Which scene, character or plotline changed the most from first draft to published book?
At the time I got the idea to write Elisabeth Samson, Forbidden Bride, I was enamored with the romance genre. I thought her story would make a great romance novel. But as I delved more into her history and research, I realized Elisabeth’s story was far more serious and needed to be told in a more literary style. So what started out in my head as a romance became historical fiction.
What makes this book important right now?
In the United States there’s a current obsession with the history of slavery and race relations. Elisabeth Samson, Forbidden Bride presents a look at slavery in the 18th century that involved countries other than the United States. It’s also a woman’s story, a story of the first black woman in Suriname to fight for — and receive — legal permission from a Dutch government to marry a white man. I hope readers will take away a broader understanding of the history of slavery in the western world.
What sort of a relationship exists between you and the characters you created in this book?
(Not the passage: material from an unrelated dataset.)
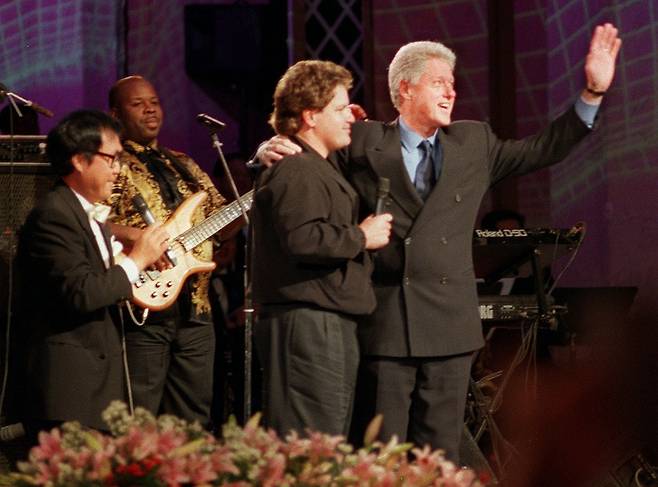 1998년 11월 21일 빌 클린턴 미국 대통령이 세종문화회관에서 녹화된 KBS 열린음악회 '한미 우정의 콘서트'에서 가수인 동생 로저 클린턴의 어깨에 오른손을 두르고 기립박수를 보내는 참석자들에게 손을 흔들어 인사하고 있다./조선일보 DB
When I first planned to write Elisabeth Samson, Forbidden Bride I planned to write it in third person. As I became more heavily involved in research that included 18th century journals and plantation records, I became compelled to tell the story in first person. Perhaps because I had lived in Suriname, walked the streets Elisabeth Samson walked, visited her house in Paramaribo and ate the foods she would have eaten, I began to feel almost as if she were standing over my shoulder, dictating her story. It became strangely eerie. Afterwards I anticipated that readers might question how I could write as a white woman in first person for a black woman, but the question never arose. I suspect it’s because strong feelings of love, desire, anger and family are universal.
What’s more important: characters or plot?
Definitely characters. We never forget compelling characters. Scarlet O’Hara comes to mind. As readers we love characters we can identify with, especially if that character experiences strong emotions.
How many unpublished and half-finished books do you have?
Right now I have a non-fiction book for memoir writers, a series of joke books, and my third adult coloring book — my first in grayscale. I’m on target to complete and publish them in the next 90 days.
What’s next for you?
I have an idea for a female investigator mystery series. I’ve got books titles, character names and rough outlines. Several years ago I actually interviewed an investigator after whom I’d like to model my heroine. Because I have some other projects I want to finish and get off my laptop first, I don’t see myself seriously sitting down to begin it until January of 2022.